Be yourself, see yourself
Of course, you could break this down further and further, examining which genres do men play vs the genres women play, which franchises are most popular by ethnicity, etc. But I don’t bring this up so we can suss out who’s playing what – only who’s playing, period.
Women play games. Non-whites play games. Yet these demographics aren’t being represented in-game proportionate to the percentage of players who fit those parameters. And if you’re disabled or genderqueer, forget about it – virtually no games feature characters like you.
Groups can (and will) debate until they’re blue in the face about whether or not this is right or fair, but the fact remains that going strictly by the numbers, there’s an imbalance here. And that’s why the new Xbox Avatars make me so happy.
The new Avatars seem poised to add dozens, if not hundreds, if not thousands of ways to represent yourself in the digital world. Wheelchairs. Prosthetics for lost limbs. A rainbow of colors to put in your hair. Clothing no longer restricted by gender. A wider variety of body types and skin colors. This isn’t going to dramatically tip the scales in favor of women, POC, and the LGBT+ community being represented in games, but it’s one more option – and every little bit matters.

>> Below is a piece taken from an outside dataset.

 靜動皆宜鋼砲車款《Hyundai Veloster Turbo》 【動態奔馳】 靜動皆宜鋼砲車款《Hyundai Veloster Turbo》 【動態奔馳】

It matters to me that, while I’ll probably never be seen as feminine or even androgynous / non-conforming in the real world again, I can still have that piece of my identity displayed like a badge of pride in a medium that is dear to me. It matters to someone who has persevered through the loss of a limb that they can show that they’re still strong. It matters to those in wheelchairs that they can show they’re still a gamer. It matters to women, people of color, and everyone who didn’t fully fit the mold until now.
And the best part? It has absolutely zero impact on the people who have been rolling their eyes throughout this piece or skipped ahead to the comments section to argue.
Despite the recent (and largely imagined) idea of pressure to make sure every video game has X amount of women, X amount of people of color, X amount of LGBT+ representation, there is no conflict between wanting those things and enjoying games as they are.
I didn’t get sour-faced at Uncharted 4 because Nate didn’t decide to fly off into the sunset nestled safe in the arms of a bisexual hispanic stud muffin (although hey, what a plot twist, right?), but I still smiled at seeing his daughter take her first steps into the world of professional adventuring, acknowledging how cool it was to have a young woman take the spotlight – even for a little while.
Me having my thing doesn’t mean you can’t have yours. And when the Avatar update rolls out and lets me represent myself in a way that feels true to me, I’ll be very, very glad to have it.